Staf Ahli Menteri PPPA Bidang Penanggulangan Kemiskinan Titi Eko Rahayu menyebut pernikahan anak sebagai ancaman nyata terhadap masa depan anak-anak.
"Tidak hanya memberikan dampak secara fisik dan psikis bagi anak-anak, perkawinan di usia anak juga dapat memperparah angka kemiskinan, stunting, putus sekolah hingga ancaman kanker serviks/kanker rahim pada anak," ujar Titi, Jumat (27/1).
Pemerintah sendiri telah mengubah batas minimal usia menikah bagi perempuan dari usia 16 tahun yang tercantum pada Undang-Undang (UU) Nomor 1 tahun 1974 tentang Perkawinan, menjadi minimal 19 tahun pada UU Nomor 16 tahun 2019 tentang Perubahan Atas UU Nomor 1 Tahun 1974 tentang Perkawinan. Namun realitanya, praktik dispensasi nikah masih marak.

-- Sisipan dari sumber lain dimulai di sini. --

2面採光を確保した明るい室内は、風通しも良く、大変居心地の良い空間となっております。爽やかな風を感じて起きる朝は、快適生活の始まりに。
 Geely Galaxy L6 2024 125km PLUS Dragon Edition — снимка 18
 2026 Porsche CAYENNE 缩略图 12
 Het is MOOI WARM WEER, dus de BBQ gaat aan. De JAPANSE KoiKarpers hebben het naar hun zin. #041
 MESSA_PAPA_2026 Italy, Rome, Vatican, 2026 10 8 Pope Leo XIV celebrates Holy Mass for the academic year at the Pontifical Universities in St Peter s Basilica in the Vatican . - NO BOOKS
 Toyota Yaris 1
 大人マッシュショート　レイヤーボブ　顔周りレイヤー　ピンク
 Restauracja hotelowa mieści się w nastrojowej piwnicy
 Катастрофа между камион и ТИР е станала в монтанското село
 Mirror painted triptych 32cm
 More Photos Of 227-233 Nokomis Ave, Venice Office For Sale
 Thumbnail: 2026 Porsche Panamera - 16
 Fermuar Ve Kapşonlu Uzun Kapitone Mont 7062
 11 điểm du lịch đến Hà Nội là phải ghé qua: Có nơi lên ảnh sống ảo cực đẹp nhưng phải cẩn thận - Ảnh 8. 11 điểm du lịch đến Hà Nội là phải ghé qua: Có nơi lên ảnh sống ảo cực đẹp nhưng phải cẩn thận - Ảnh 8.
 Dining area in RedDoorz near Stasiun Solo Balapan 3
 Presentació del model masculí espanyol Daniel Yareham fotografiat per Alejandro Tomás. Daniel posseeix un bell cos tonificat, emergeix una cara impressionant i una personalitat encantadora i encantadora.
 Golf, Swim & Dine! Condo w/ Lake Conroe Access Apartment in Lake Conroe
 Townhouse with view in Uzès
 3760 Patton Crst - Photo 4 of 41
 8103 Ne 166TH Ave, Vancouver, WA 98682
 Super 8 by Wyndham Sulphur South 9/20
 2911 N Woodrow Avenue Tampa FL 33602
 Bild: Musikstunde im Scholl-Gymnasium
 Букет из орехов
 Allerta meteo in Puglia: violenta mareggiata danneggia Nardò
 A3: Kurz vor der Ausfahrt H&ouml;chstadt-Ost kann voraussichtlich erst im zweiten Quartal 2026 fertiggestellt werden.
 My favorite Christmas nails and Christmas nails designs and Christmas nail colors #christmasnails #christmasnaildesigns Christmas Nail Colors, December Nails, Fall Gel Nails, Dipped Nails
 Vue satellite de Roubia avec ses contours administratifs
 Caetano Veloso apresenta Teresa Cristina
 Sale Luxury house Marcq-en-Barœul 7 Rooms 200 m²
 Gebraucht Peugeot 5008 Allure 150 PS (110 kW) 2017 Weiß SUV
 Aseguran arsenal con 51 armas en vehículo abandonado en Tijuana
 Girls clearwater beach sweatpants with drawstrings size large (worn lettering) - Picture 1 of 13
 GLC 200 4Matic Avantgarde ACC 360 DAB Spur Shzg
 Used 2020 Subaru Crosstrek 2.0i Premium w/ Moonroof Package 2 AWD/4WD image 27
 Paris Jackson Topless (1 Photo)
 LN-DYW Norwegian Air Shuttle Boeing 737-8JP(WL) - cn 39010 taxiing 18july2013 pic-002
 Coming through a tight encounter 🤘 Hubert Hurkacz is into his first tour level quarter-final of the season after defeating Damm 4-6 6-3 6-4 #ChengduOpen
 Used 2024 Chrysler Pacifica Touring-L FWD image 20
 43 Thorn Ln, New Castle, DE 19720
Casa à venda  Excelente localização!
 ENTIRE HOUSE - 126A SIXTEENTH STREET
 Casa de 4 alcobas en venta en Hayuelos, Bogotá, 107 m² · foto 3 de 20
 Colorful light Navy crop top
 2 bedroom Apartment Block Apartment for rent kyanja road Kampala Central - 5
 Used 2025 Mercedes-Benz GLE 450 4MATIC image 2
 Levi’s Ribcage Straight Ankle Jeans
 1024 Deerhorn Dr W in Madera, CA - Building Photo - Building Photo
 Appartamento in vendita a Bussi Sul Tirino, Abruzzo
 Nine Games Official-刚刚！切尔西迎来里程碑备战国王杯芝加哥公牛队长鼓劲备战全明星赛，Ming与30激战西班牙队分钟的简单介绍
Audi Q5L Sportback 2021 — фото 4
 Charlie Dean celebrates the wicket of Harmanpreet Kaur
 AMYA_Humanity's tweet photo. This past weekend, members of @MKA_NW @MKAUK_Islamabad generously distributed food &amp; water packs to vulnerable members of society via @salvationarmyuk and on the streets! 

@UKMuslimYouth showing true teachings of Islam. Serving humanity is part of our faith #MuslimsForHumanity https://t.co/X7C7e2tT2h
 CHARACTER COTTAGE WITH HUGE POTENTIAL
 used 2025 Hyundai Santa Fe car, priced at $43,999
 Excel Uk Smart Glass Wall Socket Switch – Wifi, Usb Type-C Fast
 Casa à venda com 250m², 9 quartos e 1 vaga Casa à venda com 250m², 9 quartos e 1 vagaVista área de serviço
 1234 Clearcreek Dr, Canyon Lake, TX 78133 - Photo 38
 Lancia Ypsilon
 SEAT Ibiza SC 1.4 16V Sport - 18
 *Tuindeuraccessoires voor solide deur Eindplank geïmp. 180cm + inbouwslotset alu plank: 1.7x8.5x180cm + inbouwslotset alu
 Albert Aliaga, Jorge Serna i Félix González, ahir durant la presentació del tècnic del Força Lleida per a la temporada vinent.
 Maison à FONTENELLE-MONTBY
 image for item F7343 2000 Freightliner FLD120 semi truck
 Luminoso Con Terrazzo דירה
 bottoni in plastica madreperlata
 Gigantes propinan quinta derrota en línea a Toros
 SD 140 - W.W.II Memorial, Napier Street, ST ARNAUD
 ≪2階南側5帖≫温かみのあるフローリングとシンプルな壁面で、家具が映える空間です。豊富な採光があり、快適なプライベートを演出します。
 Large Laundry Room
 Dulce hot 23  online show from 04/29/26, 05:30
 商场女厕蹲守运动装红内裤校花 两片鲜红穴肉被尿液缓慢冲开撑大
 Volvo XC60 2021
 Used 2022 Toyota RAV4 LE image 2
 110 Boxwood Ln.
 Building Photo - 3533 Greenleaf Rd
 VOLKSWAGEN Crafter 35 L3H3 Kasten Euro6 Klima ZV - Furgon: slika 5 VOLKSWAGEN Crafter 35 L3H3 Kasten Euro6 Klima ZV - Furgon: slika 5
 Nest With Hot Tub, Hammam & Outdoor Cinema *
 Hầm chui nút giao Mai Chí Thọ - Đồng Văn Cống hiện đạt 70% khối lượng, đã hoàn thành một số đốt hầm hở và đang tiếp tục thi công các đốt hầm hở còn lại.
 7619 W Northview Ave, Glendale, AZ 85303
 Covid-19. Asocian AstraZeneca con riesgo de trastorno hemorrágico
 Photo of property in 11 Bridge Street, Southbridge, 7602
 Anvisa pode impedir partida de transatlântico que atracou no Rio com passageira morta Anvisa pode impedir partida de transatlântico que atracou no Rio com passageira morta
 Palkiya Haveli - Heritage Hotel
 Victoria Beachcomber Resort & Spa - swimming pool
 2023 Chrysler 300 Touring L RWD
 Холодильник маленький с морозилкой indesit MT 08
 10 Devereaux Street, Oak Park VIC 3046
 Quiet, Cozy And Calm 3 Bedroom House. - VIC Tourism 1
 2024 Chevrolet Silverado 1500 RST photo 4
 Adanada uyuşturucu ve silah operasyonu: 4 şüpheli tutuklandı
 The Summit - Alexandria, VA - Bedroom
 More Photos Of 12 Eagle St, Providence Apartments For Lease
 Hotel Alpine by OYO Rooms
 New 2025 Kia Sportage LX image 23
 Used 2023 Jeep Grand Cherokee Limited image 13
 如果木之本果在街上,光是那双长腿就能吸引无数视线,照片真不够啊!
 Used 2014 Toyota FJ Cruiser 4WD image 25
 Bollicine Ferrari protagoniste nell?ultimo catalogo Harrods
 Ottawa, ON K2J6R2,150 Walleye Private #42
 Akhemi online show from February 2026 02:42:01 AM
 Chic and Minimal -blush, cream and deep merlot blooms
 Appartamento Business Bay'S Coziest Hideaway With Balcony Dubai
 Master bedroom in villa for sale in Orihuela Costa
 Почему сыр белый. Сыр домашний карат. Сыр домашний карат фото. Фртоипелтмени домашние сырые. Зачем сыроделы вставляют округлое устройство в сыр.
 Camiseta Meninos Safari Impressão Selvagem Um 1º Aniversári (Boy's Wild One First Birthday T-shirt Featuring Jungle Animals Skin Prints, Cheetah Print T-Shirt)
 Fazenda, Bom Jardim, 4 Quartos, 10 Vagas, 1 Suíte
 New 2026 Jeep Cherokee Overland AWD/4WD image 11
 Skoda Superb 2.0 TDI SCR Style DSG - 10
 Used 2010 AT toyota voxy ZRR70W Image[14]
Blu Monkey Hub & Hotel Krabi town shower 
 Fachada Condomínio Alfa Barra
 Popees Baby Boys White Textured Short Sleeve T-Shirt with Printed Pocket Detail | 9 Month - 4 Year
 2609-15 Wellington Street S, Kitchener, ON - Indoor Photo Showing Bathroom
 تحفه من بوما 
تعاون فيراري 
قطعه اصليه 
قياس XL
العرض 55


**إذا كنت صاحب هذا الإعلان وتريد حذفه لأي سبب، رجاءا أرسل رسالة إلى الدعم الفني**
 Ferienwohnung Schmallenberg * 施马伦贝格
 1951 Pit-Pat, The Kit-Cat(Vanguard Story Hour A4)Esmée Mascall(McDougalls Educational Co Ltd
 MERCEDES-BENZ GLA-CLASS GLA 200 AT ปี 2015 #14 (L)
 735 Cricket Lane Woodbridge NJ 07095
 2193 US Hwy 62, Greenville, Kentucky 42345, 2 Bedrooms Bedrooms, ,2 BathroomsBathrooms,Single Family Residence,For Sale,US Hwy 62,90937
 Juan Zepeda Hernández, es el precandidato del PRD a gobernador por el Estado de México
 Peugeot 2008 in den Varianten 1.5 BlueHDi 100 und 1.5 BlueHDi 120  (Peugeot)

Di sisi lain, ada wilayah yang cukup berhasil menekan angka pernikahan anak, seperti Kabupaten Maros, Sulawesi Selatan. Bupati Maros, HAS Chaidir Syam mengungkapkan bahwa lewat Perda Kabupaten Layak Anak yang diterbitkan sejak 2017, serta program Desa Ramah Perempuan dan Peduli Anak (DRPPA), jumlah pengajuan dispensasi perkawinan menurun drastis.
Chaidir mengatakan pemkab juga berhasil menekan angka pernikahan anak. Data Dispensasi Perkawinan di Kabupaten Maros mengalami penurunan drastis, pada tahun 2019 mencapai angka 188, Angka tersebut turun di 2021 sebanyak 71, hingga tersisa 10 pengajuan dispensasi di tahun 2022.
Maros juga mengembangkan sekolah ramah anak dan ruang bermain ramah anak untuk mendukung tumbuh kembang anak secara holistik. Strategi Daerah (Strada) yang mengacu pada Strategi Nasional Pencegahan Perkawinan Anak (Stranas PPA) juga diterapkan.
"Sebab situasi atau penyebab perkawinan anak berbeda tiap wilayahnya, maka kami di Maros telah menyusun Strategi Daerah (Strada) PPA dengan mengacu pada stranas, sehingga penurunan angka perkawinan anak dapat turun dengan cepat, terbukti data dispensasi kita yang terakhir alhamdulillah tersisa 10," kata Chaidir.
Secara nasional, Indonesia menargetkan penurunan angka pernikahan anak sesuai dengan tujuan pembangunan berkelanjutan (SDGs) menjadi 6,94 persen. Lima strategi utama yang disusun dalam Stranas PPA mencakup optimalisasi kapasitas anak, lingkungan yang mendukung pencegahan perkawinan anak, aksesibilitas dan perluasan layanan, penguatan regulasi dan kelembagaan, serta penguatan koordinasi pemangku kepentingan.